It didn’t pay much, but it was good experience and good work. I was covering stories the regional news often ignored and keeping the student body informed. My coworkers were similarly dedicated to our noble mission.

I remember being in awe of the editor-in-chief and her managing editor. They were seniors and seasoned college journalists at this point. The newsroom was a wondrous place of knowledge, energy and journalistic camaraderie. I laughed nervously at the inside jokes that cropped up in our weekly staff meetings, knowing that at last I had found my home on campus, and soon I would be coining my own inside jokes with my peers.

I was about a year in when I started to get a sinking feeling when entering the newsroom. The team of editors admired my work — but I still wasn’t one of them. Their jokes were still unfamiliar to me, and they spoke of how much fun they’d had at So-And-So’s house last weekend, and did you see that photo we took the other day? You won’t believe what What’s-His-Name said!

I was working hard, writing interesting stories, winning praise for my interviews, and yet I wasn’t one of the team. It didn’t help that when I was home alone on a Saturday night, I’d pull out my phone to see Instagram photos of the staff hanging together, captioned, “Love my #newspaperfamily.”

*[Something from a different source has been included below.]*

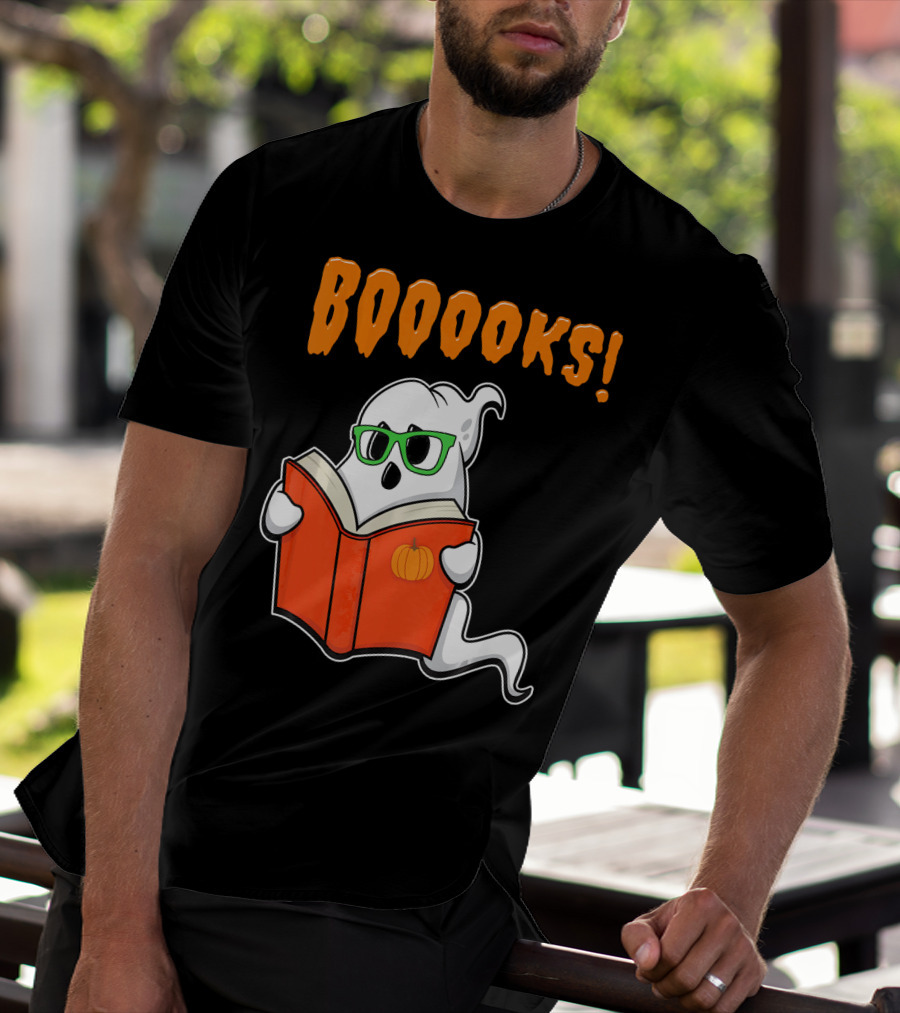 Booooks Ghost With Green Glasses And Pumpkin Book Funny Teacher Halloween T-Shirt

That sinking feeling was growing inside me to an all-consuming jealous ache. I’d scroll through group selfie after group selfie as the hot-cold wave of jealousy washed over my body. My skin prickled. My stomach gnawed at itself. My throat constricted to hold back the tears. And just when the jealousy felt like it was too much to bear, it turned into a hot flood of anger. Why wasn’t I part of the family? Wasn’t I good enough? Who wanted to be friends with them anyway?

But every weekly meeting felt like a slap in the face. I’d enter the newsroom each Sunday afternoon to find them gathered around the work table in the center of the room, laughing and joking and excluding me from their club.

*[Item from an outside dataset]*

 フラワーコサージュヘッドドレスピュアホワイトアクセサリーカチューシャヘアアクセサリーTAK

Two years after I graduated college, I told my father about this, and he called it “The Temptation of the Inner Circle.” He’s a pastor, so a lot of the phrases he coins use biblical terms (though he says he stole this particular phrase from C.S. Lewis).

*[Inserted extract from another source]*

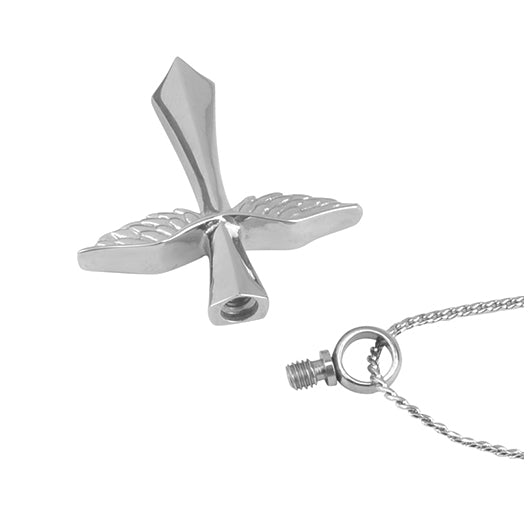 Large Unisex Winged Cross Ash Pendant Urn 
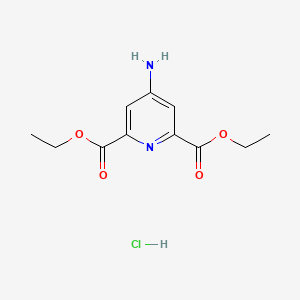molecular formula C11H15ClN2O4 B8127706 Diethyl 4-Aminopyridine-2,6-dicarboxylate Hydrochloride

My dad told me he felt that same jealousy when he heard about all the dinner parties his coworker was attending. Everyone, my dad says, wants to get closer and closer to that center of the group — the inner circle. As pastor of a church, he is as close to the center of a group as you can get, he told me, but that doesn’t mean he’s immune to jealousy.

Writing this now, I realize that I was not alone in that room with the inner circle. It was not just them versus me. As I walk back through that office in memory, I can see a few freelancers huddled by the advertising computers on the fringe of the editorial space. Near them, working quietly at her desk, is the news editor; I liked her, but some of the other staff would trash-talk her when she wasn’t around. A couple of younger journalism students, here for class credit, pepper the room.

It doesn’t lessen the sting of jealousy to see their faces now, but it does help a little with that feeling of isolation.

I quit that job halfway through my senior year, partly because of the unbearable cliquishness of it all and partly because I decided being a hard news reporter wasn’t really my jam.

I worked to cultivate my own circle of friends. Sometimes, I see photos of them on Instagram, hanging out without me. None of us is immune to the Temptation of the Inner Circle. When that jealous feeling starts creeping up from the pit of my stomach and clawing at my throat, I remind myself that I am loved. Maybe I missed this weekend’s party, but I was invited to the one before that. And I, too, can invite people to spend time with me.

There are people in my life who want to by my friend.

And those who don’t — well, they’re old news.